As I noted above, the Saturniid mental stats (Will and Perception) are the most difficult to measure. They possess aspects of both high and low scores simultaneously. It’s pretty obvious that I’ll need to express this contradiction via traits that target specific uses rather than a global modifier to the stat itself. However for the purpose of the here-and-now, this is what I cam up with.

Will (3)
As I keep saying – Simple Minded. That would imply they are lower than a Human, but they aren’t profoundly impaired either.

Perception (6)
This stat is enhanced by several angles. There is the somatic element – their Antennae. However as a fragile creature they must have more situational awareness to survive, and their communal nature gives them an intuitive tendency to watch each other for social ques.

Agility (6)
The ability to coordinate four arms and wings simultaneously implies a fairly high agility score, however at the same time I don’t imagine them as being graceful in the way you might imagine an Elf to be. This is probably one of those things a specific trait will better represent the precise nature of their strengths and weaknesses.

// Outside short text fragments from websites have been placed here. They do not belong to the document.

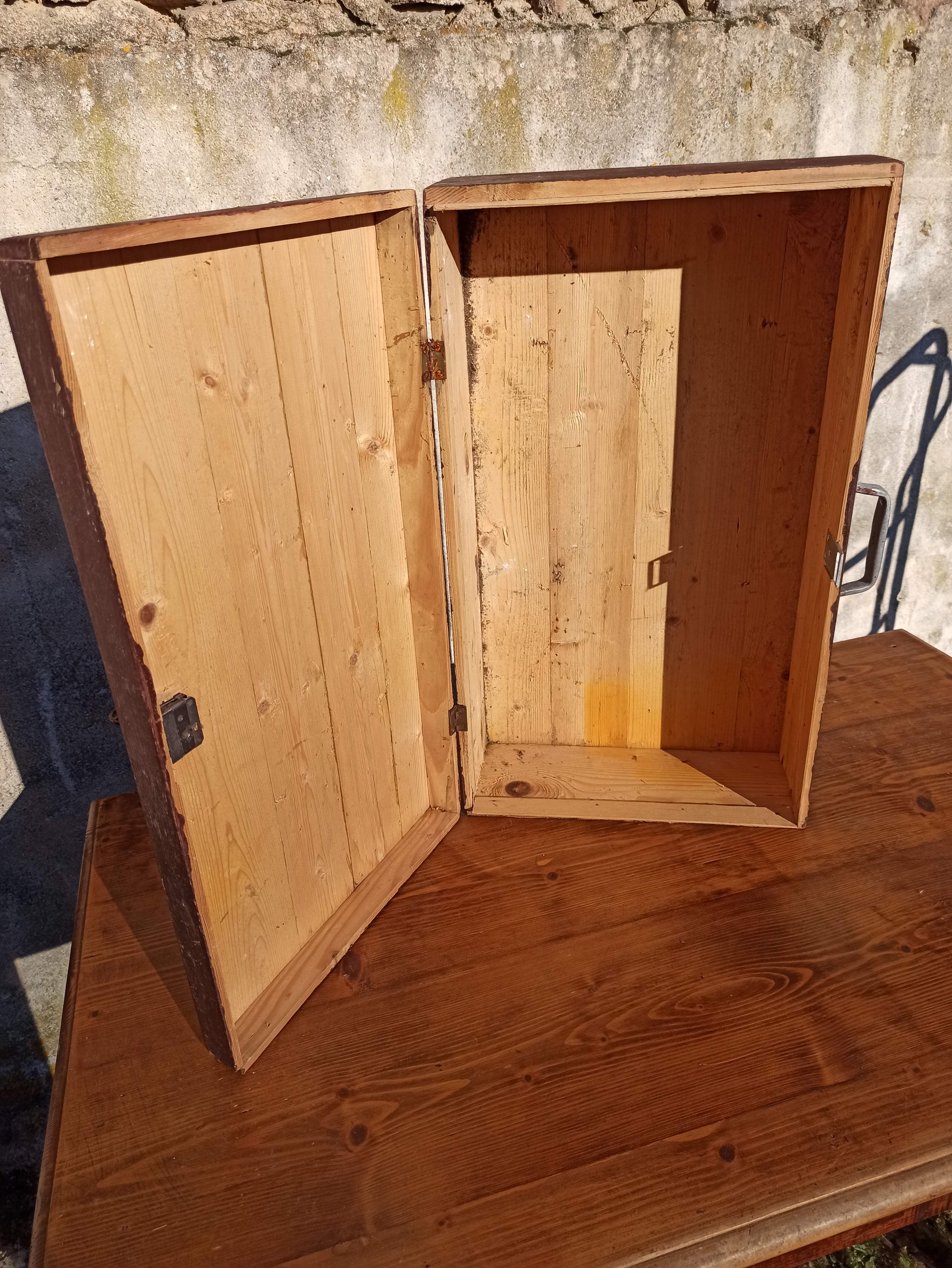Antique wooden suitcase with lock and key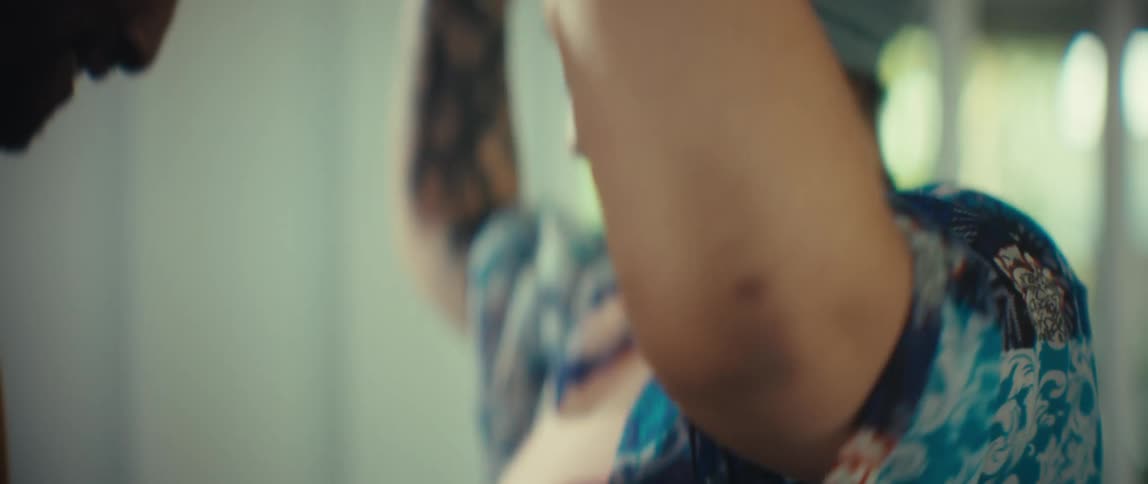 A stylish young Black couple shares an intimate and joyful slow dance in their sunlit home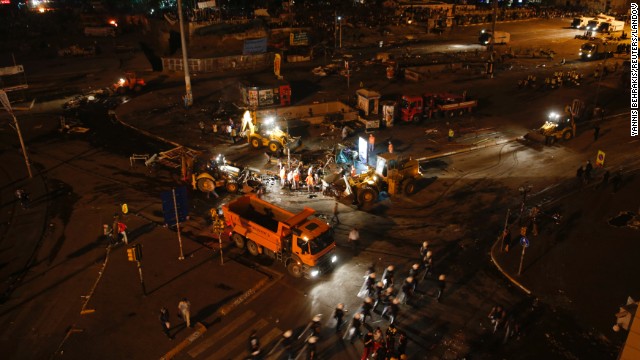 Municipal workers clean up a street in Taksim Square early on June 12, after police moved in to disperse protesters.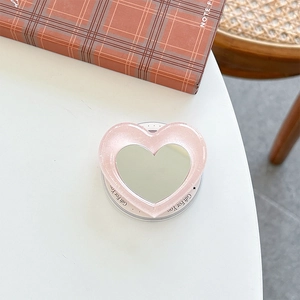 Macro shot of pink glitter heart phone grip with mirror on a cozy desk background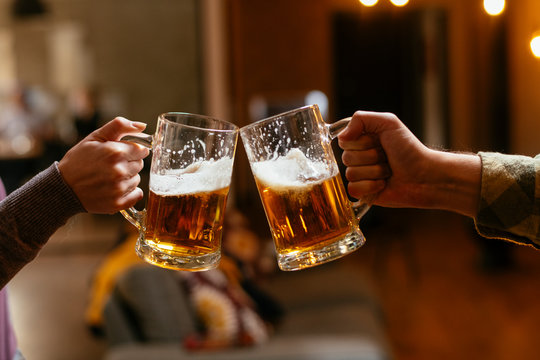 Close-up of two people toasting with beer.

Having a wide vocal range doesn’t automatically make you a professional singer, it just means you have more notes to work with. I think the same applies to their four arms here, so I’ll probably drop this down in the future.

Speed (3)
Moths are slow creatures, and so are Saturniids.

Power (2)
This is going to be the single biggest limitation of their kind, something that downright demands they frequently find assistance to get things done.

Forte (4)
This one is hard to judge. On one side they are frail, but on the other side they are lightweight and efficient. Their physical frailty is more explicitly structural – the kind of frailty that would cause you to easily break bones, as opposed to getting easily exhausted or more general sickliness.

Total: 24 Points
The same as Humans. I’m planning to aim low for their Stat scores overall, so the above would probably be a better-than-average individual. For context

Step Four: Monstrous Instincts, Beliefs, and Skills

Earlier I mentioned that creating a “Monster Manual” style representation of the Saturniid was our first step before dismantling it for Stock and Lifepath components. This last portion is mostly irrelevant since we have no intention to use a Saturniid as a monster. This is purely as a starting point for our eventual recreation in Stock-format.

As far as instincts – in an evolutionary species wide sense – I know that I’m going to play with the attraction to light. Part of the exploration of individuality will involve having an instinctual sense of leaders within their species (The “Queen Bees” so to speak.) and thus a certain level of submissiveness is to be expected within that context. Finally in spite of their frailness, they have very little fear of death (The reasons for this will be explored later.) and will fight to the death to protect their communities.

I haven’t worded these out like a character, but I think the reasoning here is more important than what I’d put down on a character sheet.

As far as Beliefs and Skills are concerned, I’m going to make the executive decision to leave those out since once again – I’m only using this as an absolute starting point for conceptualization before I break it down into a stock. As a tool-using species they will have a wide array of typical skills…

That said I know of at least two Saturniid specific skills I want to include. First I want to include a skill specifically relating to their flight. Although Burning Wheel doesn’t particularly have raw physical skills like “Running” I think that I want to diverge the character’s flying ability from raw physical potential. Additionally I think they should have a unique form of child-rearing, which I’m currently calling Grubwatching in my head.

Wrapping Things Up

At this point we have a pretty good basic outline. In my next post I’ll be going over the process of Trait Burning to give their form it’s mechanical nuance. That will also involve establishing what stat limits I’m going to put on the species to fully represent it’s overall potential – Saturniids are generally speaking less capable than humans, but they do have their unique advantages.